The researchers reviewed design details of the long-span guardrails previously developed, especially the design presented by Mak, to evaluate expected behavior of the guardrail when subjected to NCHRP Report 350 tests. Design features that have been found to be important in terms of capacity of the guardrail to contain and redirect a vehicle are the structural strength and geometrics of the guardrail. Lateral stiffness of the guardrail system is the primary design feature that determines maximum deflection of the guardrail during a collision and changes in lateral stiffness of the guardrail system along its length are the key features influencing pocketing of the vehicle.

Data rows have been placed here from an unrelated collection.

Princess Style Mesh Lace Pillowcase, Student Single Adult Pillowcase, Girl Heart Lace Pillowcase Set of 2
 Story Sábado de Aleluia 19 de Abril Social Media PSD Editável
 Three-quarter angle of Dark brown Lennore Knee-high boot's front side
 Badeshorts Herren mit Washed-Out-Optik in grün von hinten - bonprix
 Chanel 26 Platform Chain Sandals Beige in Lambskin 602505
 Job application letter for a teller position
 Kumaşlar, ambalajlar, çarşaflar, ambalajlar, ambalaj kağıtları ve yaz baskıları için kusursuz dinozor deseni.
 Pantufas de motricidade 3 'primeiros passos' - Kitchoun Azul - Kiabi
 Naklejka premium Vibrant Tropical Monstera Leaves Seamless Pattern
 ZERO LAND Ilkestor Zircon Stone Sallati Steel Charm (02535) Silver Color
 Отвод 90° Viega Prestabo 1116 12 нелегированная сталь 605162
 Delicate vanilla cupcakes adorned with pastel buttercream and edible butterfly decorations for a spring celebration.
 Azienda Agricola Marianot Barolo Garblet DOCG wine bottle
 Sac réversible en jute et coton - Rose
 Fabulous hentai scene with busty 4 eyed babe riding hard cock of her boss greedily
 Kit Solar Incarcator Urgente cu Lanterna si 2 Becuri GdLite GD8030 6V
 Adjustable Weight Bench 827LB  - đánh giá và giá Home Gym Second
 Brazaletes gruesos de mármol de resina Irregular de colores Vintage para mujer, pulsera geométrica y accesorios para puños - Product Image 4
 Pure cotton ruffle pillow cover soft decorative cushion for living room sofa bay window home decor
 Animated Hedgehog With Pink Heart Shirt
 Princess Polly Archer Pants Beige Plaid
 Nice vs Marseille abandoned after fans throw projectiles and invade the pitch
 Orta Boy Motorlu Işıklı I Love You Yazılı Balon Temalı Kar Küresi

The BARRIER VII computer program was used to evaluate expected performance of the proposed design in NCHRP Report 350 tests. This program models a collision in two dimensions with a simple characterization of a vehicle and a detailed characterization of the guardrail. It was used to evaluate the expected deflections of the barrier and to predict any potential of the barrier to allow any unacceptable pocketing of the vehicle.
Reported herein are the details and results of the full-scale crash test performed on the long-span guardrail. The rail element ruptured and allowed the vehicle to penetrate the rail system. The vehicle subsequently rolled onto its side. Therefore, the rail failed evaluation criteria for NCHRP Report 350 test 3-11. The abrupt change in stiffness of the rail element where it changes from two layer of W-beam (nested) to a single layer may have contributed to rupture of the single layer rail element.